Practical applicability is paramount in every feature we develop within our software. That’s why we sometimes choose a contrarian approach and don’t always follow the latest trends. The same goes for features we develop around AI (artificial intelligence).
We always apply the following principles for our development process:
- A feature must add value for the customer.
- The privacy of customers and their clients must be safeguarded.
- It must comply with EU regulations from day one.
And we try to incorporate as much flexibility as possible so that it aligns with the customer in the best possible way.
We use the term AI because customers specifically ask for AI. But we prefer to talk about the functionality it enables, such as processing emails in the background or translating a text. That’s ultimately what matters to the customer.
The first principle, adding value for customers, can lead to conflicting situations when it comes to AI. On the one hand, it helps perform tasks, but at the same time, you want to retain control over the process as a customer and ensure that employees understand what is happening.
The risk of knowledge loss is significant when employees rely blindly on AI, as MIT recently demonstrated in a study. And when employees lose knowledge of a process, you don’t reach maximum value.
That’s why we focus on features where AI acts as an assistant or takes over tasks that humans generally carry out on autopilot.
If a customer sends an email stating they will pay tomorrow, we want MA!N to process that email in the background.
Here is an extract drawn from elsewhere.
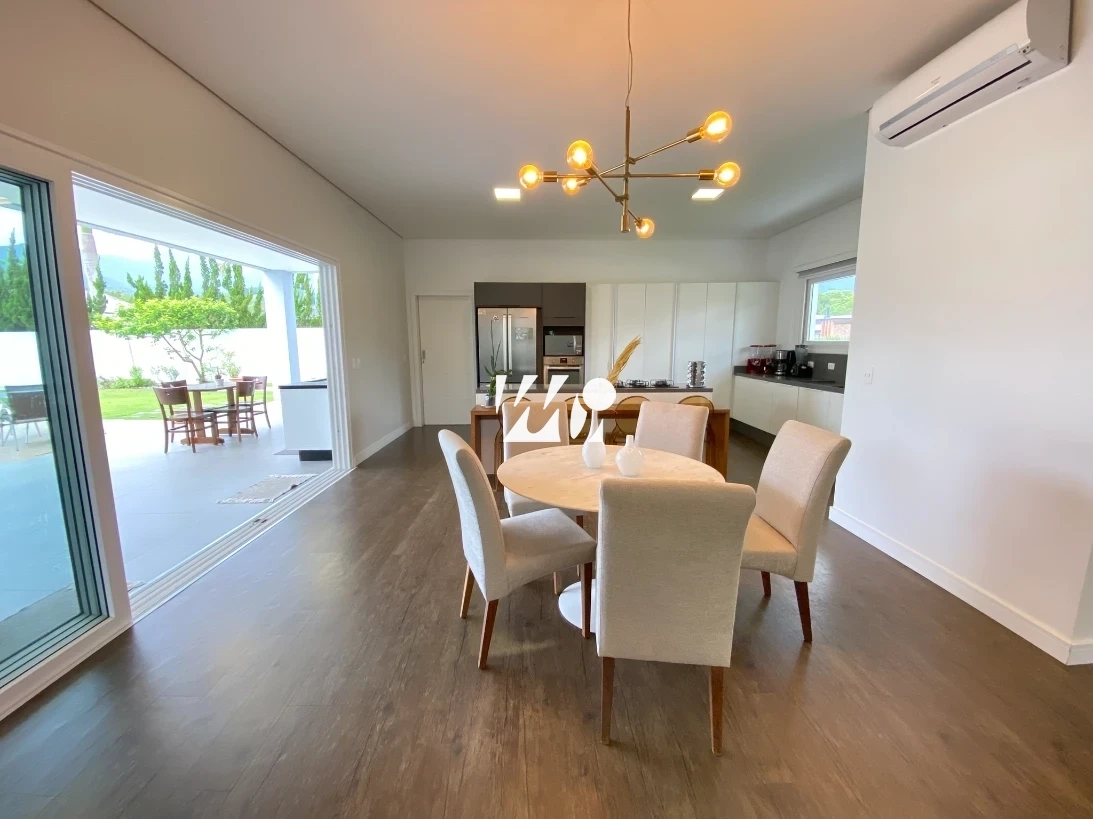 Casa em Sul do Rio, Santo Amaro da Imperatriz. 3 quartos, 340m². Imagem 1 de 34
An employee adds little value there.
When it’s time for an important decision, MA!N prepares an action for the employee so that a human can weigh the options. And MA!N includes a built-in sampling function to audit the AI.
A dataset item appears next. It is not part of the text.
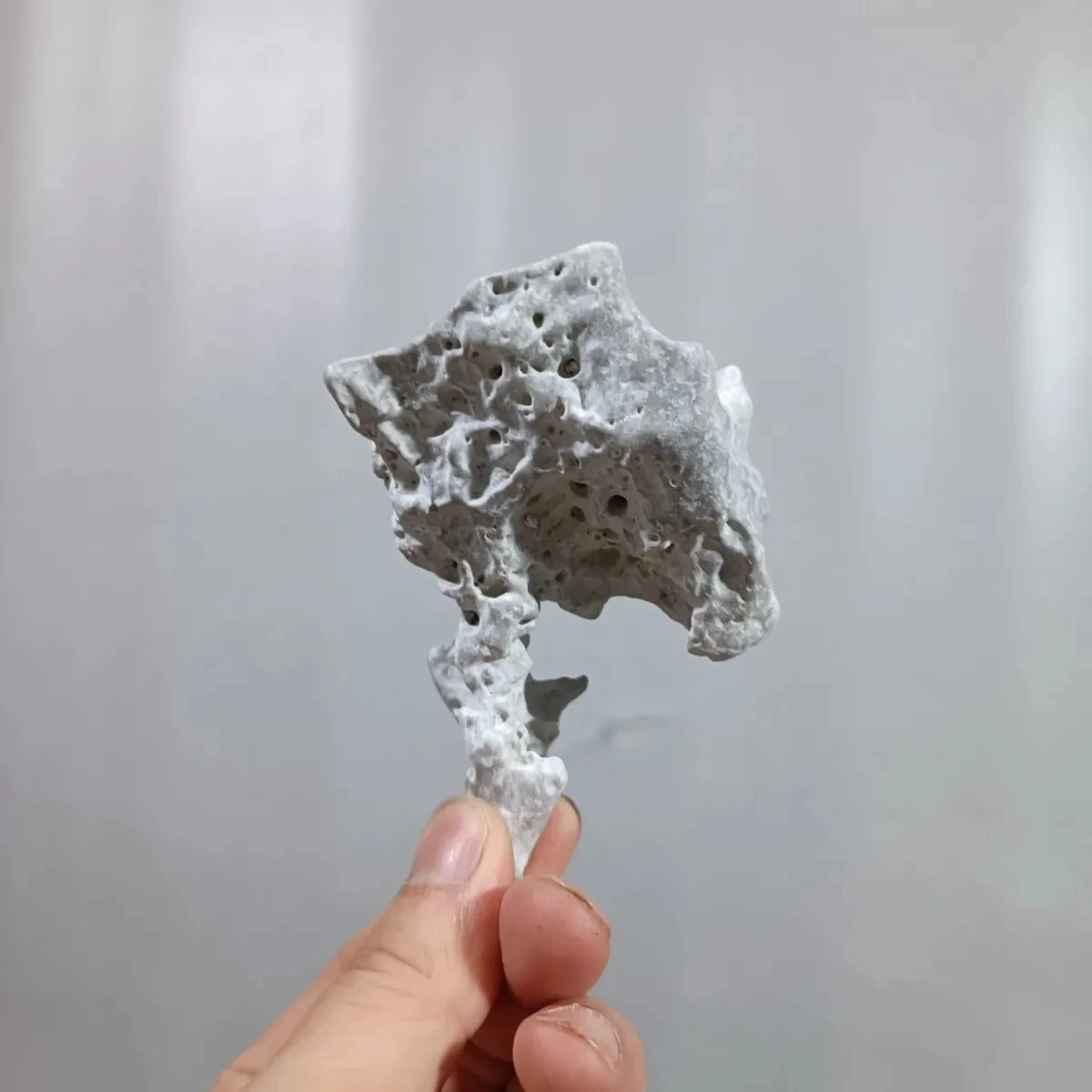 1Pcs Natural Original Taihu Stone Boutique Small Linglong Stone Play Collection Bonsai Fish Tank Landscape Decoration Collection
That control goes beyond the actions MA!N performs. Customers also want to maintain control over data and privacy.
We achieve control by managing the underlying technology. We work with local AI models within our own cloud instead of using services like ChatGPT.
What does this mean?
At CE-iT we choose Open Source models that we install within our own cloud, so that customers themselves decide what happens with their data.
We use models like Microsoft’s Phi, Google’s Gemma, or Hermes from Nous Research, and these are available in multiple variants. Some are small and efficient, others large and powerful. The more powerful the model, the more expensive it is to use.
For each task, MA!N selects the most suitable model, because not every task requires the most powerful one. Just like a truck isn’t the best option for picking up a small grocery item.
This approach results in lower costs, reduced environmental impact, and even faster performance.
In short: we develop AI agents for specific tasks with the flexibility for customers to add their own rules. That’s AI in MA!N: flexible and private.